Even the drive to our first camp saw us stopping frequently – so much to see. A chameleon crossing the road, wildebeest calving, lions, hyenas, zebras, elephants. We arrived at a beautiful secluded camping spot in a shady glade. What to do first? Inspect our tents? Grab a beer? Eat lunch? Have a siesta? Check out the horses? Everything fitted in somehow and we had a relaxing first ride on well-schooled horses but they were as excited as we were to start the adventure.

Goliath Heron

The other campsites were equally memorable: nestled by a river in the heart of lion-country, high on the escarpment looking down onto the plains, and finally right on the banks of the Mara river with hippos for company. It was an action-packed and fun week. Excellent horses, good going and fantastic game. Our guides, Joss and Megan, gave 110% throughout, answering all our questions about the animals and birds and keeping our glasses topped up. The rest of the camp staff worked equally hard, producing amazing food in the most basic of kitchens, filling showers, keeping our clothes clean and even polishing our boots! It was tough at the end to say our farewells.

Martial Eagle

Offbeat Safaris rides are for experienced riders only, with long hours in the saddle and often at a fast pace on the open plains. For those who would like a taster and are less experienced, Ride Kenya now offer day rides in the heart of the Masai Mara. This is new option, and I am pleased to confirm that they have a range of lovely horses operating from the most beautiful stables. During my ride with them we saw the full range of plains game and nearly bumped into a mating pair of lions. Memorable for me, but the horses barely broke their stride as we walked calmly away!
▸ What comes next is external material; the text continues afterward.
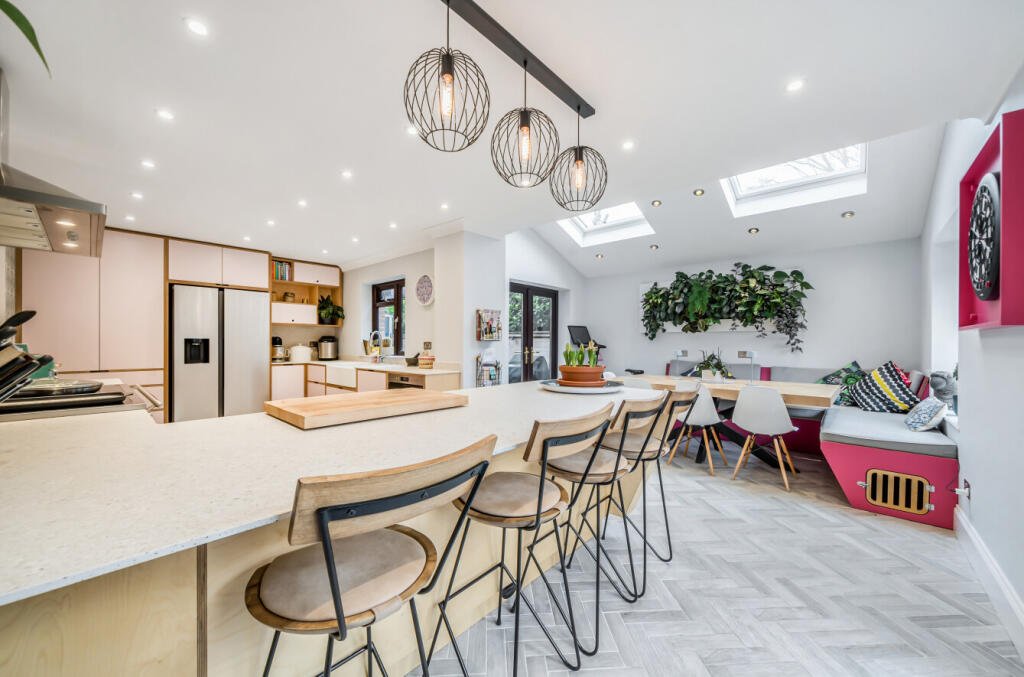Main image of property: Pantiles, Southview Road, Headley Down, Hampshire, GU35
It is now 25 years since my first walking safari in Zimbabwe. The old diaries were an entertaining fire-side read during our March snow. Camps were markedly less luxurious back then, although the hospitality was just as good. It’s been interesting to be reminded of my own views on looking at the wildlife: “Oh no! We had to sit and watch some bird again for ages today.” “Saw a big bird, an eagle of some sort”. How times have changed, with a new lifer now quite a rarity! I am thrilled when first-timers return with a respectable bird list.

Secretary Bird

Clients who are experienced birders and who have been travelling with me for 12 years came back from Kenya this February having notched up a count of 189. When you see a Goliath Heron standing 1.4m tall, or a Martial Eagle with a wing span of nine feet, or the shy Secretary Bird– you must show interest. Thanks to Ken Frankcom for the great photos of those species. My top lifer this trip was with Steve in Laikipia Wilderness: the red and yellow Barbet that features on the cover of Stevenson and Fanshawe, the definitive East Africa bird guide.